### Instructions to follow
If a record below holds a picture, drop the picture and copy everything else exactly.
════
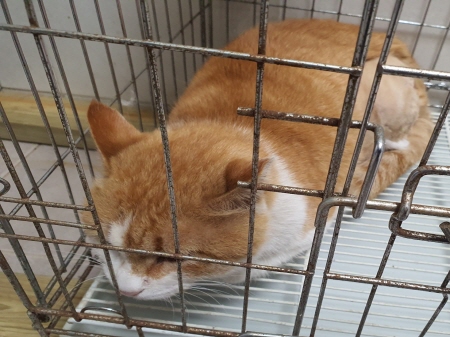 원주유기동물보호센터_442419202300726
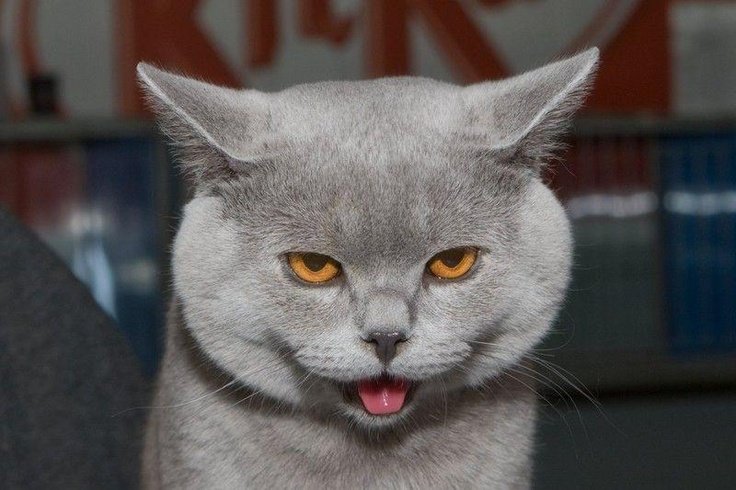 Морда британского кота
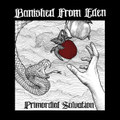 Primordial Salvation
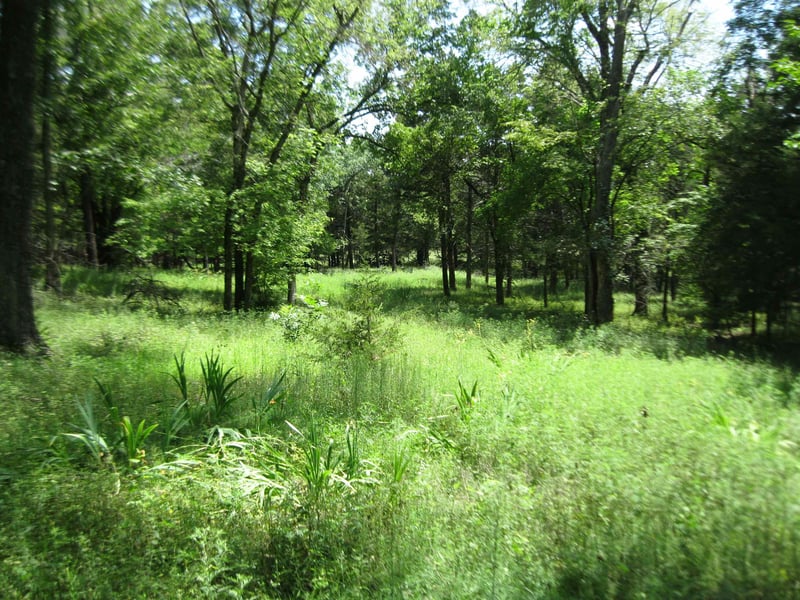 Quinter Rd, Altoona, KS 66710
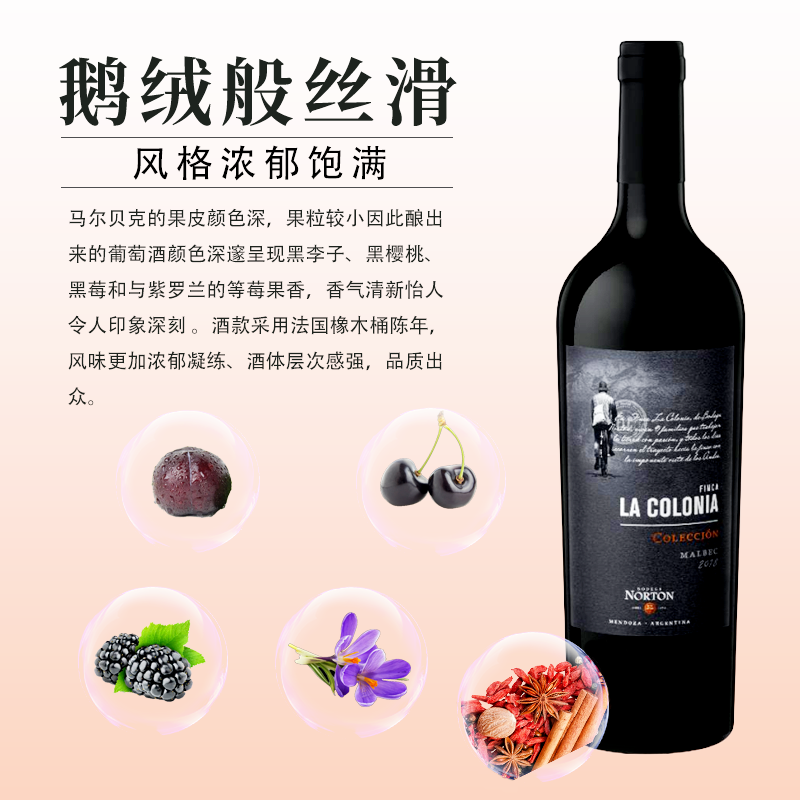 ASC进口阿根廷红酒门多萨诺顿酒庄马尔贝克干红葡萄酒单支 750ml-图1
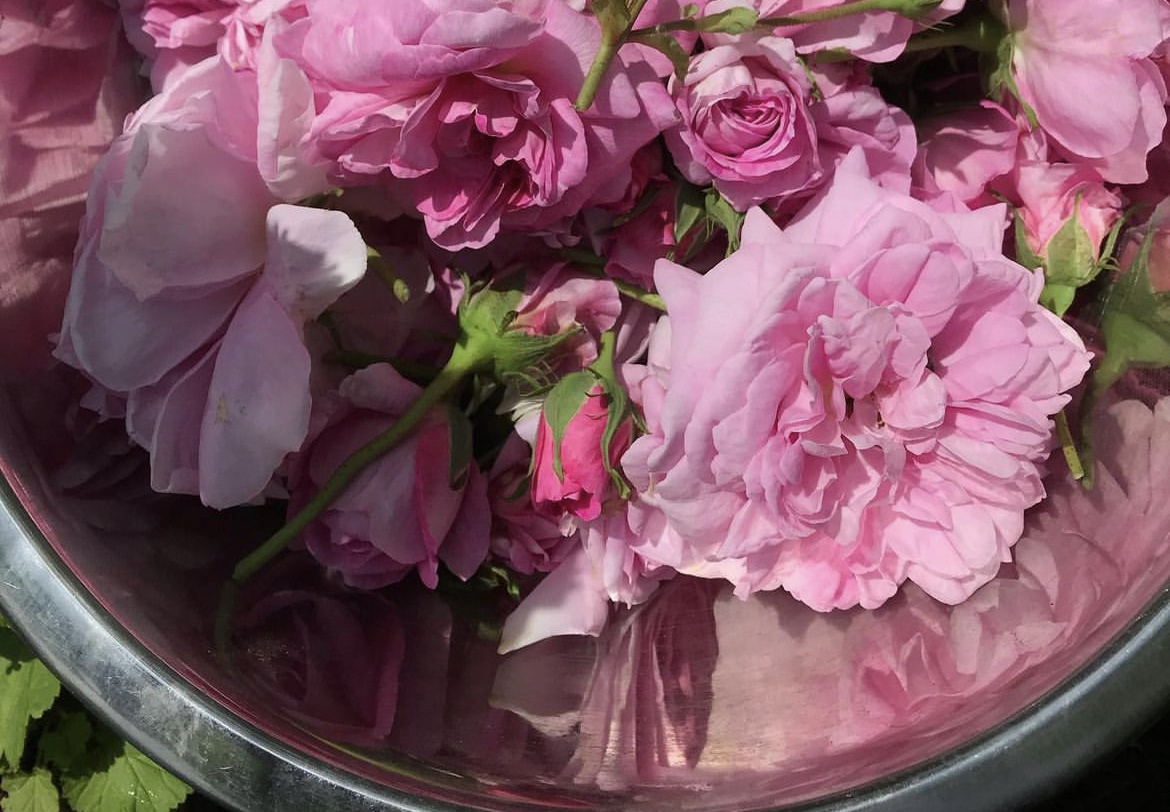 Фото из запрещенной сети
════
### Solution to this problem
 원주유기동물보호센터_442419202300726
 Морда британского кота
 Primordial Salvation
 Quinter Rd, Altoona, KS 66710
 ASC进口阿根廷红酒门多萨诺顿酒庄马尔贝克干红葡萄酒单支 750ml-图1
 Фото из запрещенной сети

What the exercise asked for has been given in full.